PART II. SECTION 7. What is the Holy Spirit?
Lesson 288 Let Me Forget My Brother’s Past Today
- This is the thought that leads to You and brings me to my goal. I cannot come to You without my brother. And to know my Source, I first must recognize what You created one with me. My brother’s is the hand that leads me on the way to You. His sins are in the past along with mine, and I am saved because the past is gone. Let me not cherish it within my heart, or I will lose the way to walk to You. My brother is my savior. Let me not attack the savior You have given me. But let me honor him who bears Your Name, and so remember that It is my own.
- Forgive me, then, today. And you will know you have forgiven me if you behold your brother in the light of holiness. He cannot be less holy than can I, and you can not be holier than he.[1]

This lesson is one that would give us all pause if our efforts to seek God would put us on a higher plane than our brothers! For they are our saviors – each and every one of them teach us, perfect us, test us, and prove our love for God and for our Selves.
Our brothers do not seem to be our friends, let alone our saviors, Lord! They abandon us in our hour of greatest need, fail to understand us when we simply need a bit of alone time; deny our right to setting boundaries, and mock and make fun of our efforts to grow and become all we can be.
It is much easier to relate to the historical Jesus who was always so kind and good and healed the sick and cleansed the leper and cast out devils. There He is tucked neatly away in history – we did not know Him personally; time and distance has removed any grating traits or unpleasant personality quirks from our awareness. This Jesus makes a good Savior.
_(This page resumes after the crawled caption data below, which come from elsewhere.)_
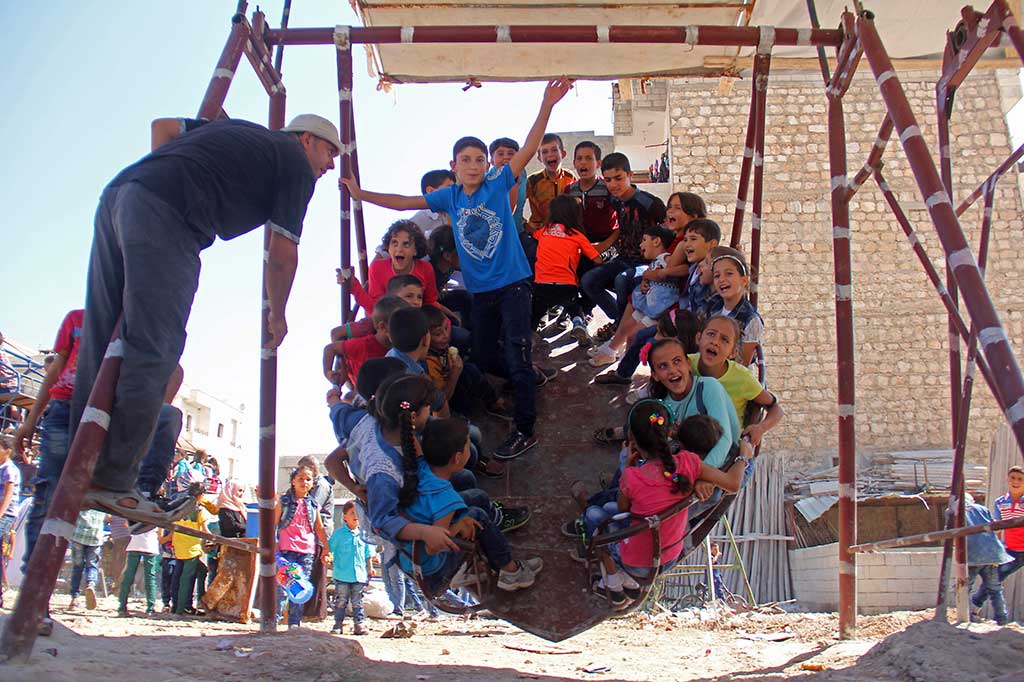 Anak-anak bergembira saat bermain ayunan di Kota Idlib. AFP/Omar Haj Kadour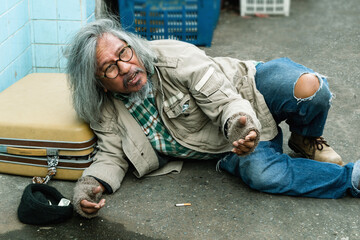 Old homeless Asian man lying on a dirty street dressed in filth reaching for help asking passersby for money or food is helpful because he has no work and no home.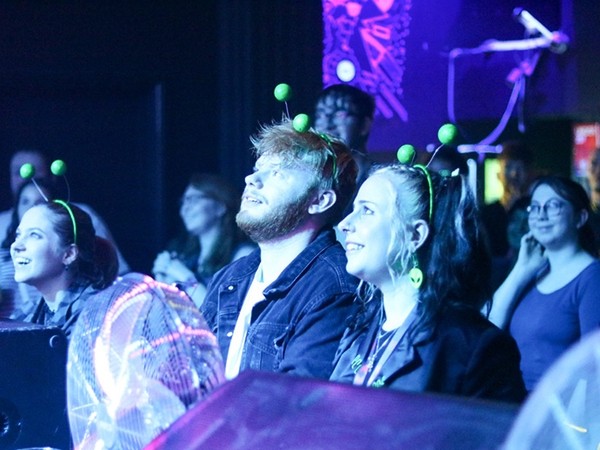 In a busy room lit with purple light, a young man and woman wearing green antennae head-boppers look up towards something off-camera.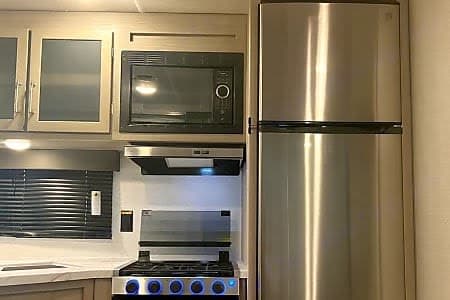 Modern rv rental kitchen with stainless steel appliances including a fridge, microwave, and stove. Perfect for cooking on the road.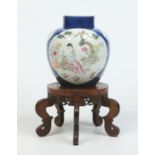 An 18th century Chinese ginger jar and cover on associated hardwood stand.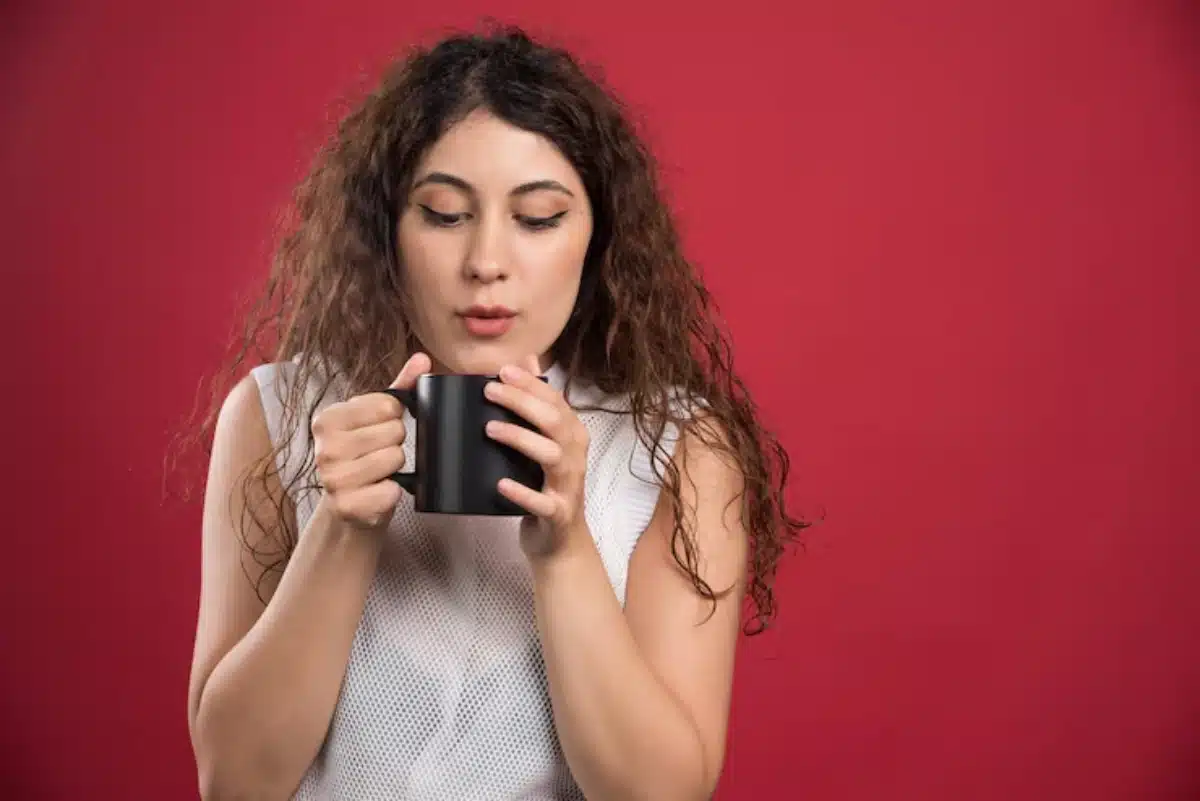 A person with curly hair holds a black mug close to their chest, set against a vibrant red background.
Certainly our brothers have their good points, but Lord! They are infuriating. Certainly you cannot be speaking of the people I know. This one constantly talks about herself and her only child to the point of making me want to gag. Could she be my savior? This one has done his best to manipulate me through silent treatments, snubs, and cutting remarks for years. How could he possibly be my savior? And those people in that organization, Lord! How could those bloated with their own self-importance brothers possibly be my saviors? So and so called me for years in the middle of the night blathering to me about people I didn’t even know, and I am supposed to call him my savior? And those rude people who came to my house and ate my food, and sprawled on my couch, and would just pack up and leave and not even say good-bye – are they really my savior, Lord? The ex-boyfriend who cheated on me; the ex-husband who didn’t pay child support or send his children birthday cards; the preachers who tried to molest me when I was a kid – how can they possibly be my savior?
Yet the lesson idea for today is the thought that leads the way to God and brings us to our Father. We cannot come without them. To have God, we must recognize that we are one with our brothers. It is their hand that leads us on the way to God. We must see our brothers’ wrongdoing even as we wish to see our own – gone, washed away with the past, never to be thought about, spoken about, or brought up again. We must not cherish their cruel jealousies, their lies, hypocrisies, meanness, unfairness, ridiculous self-posturing, sexual escapades, or infidelities within our minds. We must stop building cases against them and encouraging others to despise them. We must put down our weapons and see past their egos, asking Holy Spirit to open our eyes to their holiness and purity. Otherwise, we lose our way to God.
Our brothers are our saviors. We are not saved without them. We will forget and forgive their pasts and honor them who bear the name and likeness of God, for when we forgive and forget their pasts, we are forgetting and forgiving our own acts of ego and separation.
Astonishingly, in today’s lesson Jesus throws Himself right into the mix. He asks us to forgive Him! You will know, Jesus says, that you have forgiven Me, when you behold your brother in the light of holiness. Jesus says that our brothers cannot be less holy than He is, and that we cannot be holier than our brothers. Meaning that we are in no position to preach at them, condemn them, or call them infidels. We are called to see them and us as a whole, and as one in Christ. As long as we see our brothers as separate, we are separate.
What did Jesus do that I must forgive him? He did not come into my heart like I was told He would and chase away all the darkness and make me pure and holy with no real effort on my own part. He pointed the way to my salvation, but He did not deliver me from the process nor spare me the saviors I chose to teach me the hard lessons that brought me back to the path to God. He stands by me through time but does not liberate me from my ego or the egos of my saviors. I want my way back to God to be a cool breeze, while Jesus has made it more like a brisk wind! I have to face my own darkness; I have to forgive those I do not want to forgive in order to be forgiven. And in doing so I have to forgive Him.
The thought of not forgiving Jesus tears at my heart. How could I not forgive Him whom I love and cherish and adore? And yet He insists that as long as I see my brothers in less than a holy light, I have not forgiven Him, nor have I forgiven myself.
I pray then for such forgiveness![2]
[1] A Course In Miracles. Workbook for Students. Lesson 288. Foundation for Inner Peace, Second Edition (1992). p. 441.
[2] the friar patch @eckiefriar.com. Post 288, 10-15-2019. Re-posted 10-15-2020 by permission.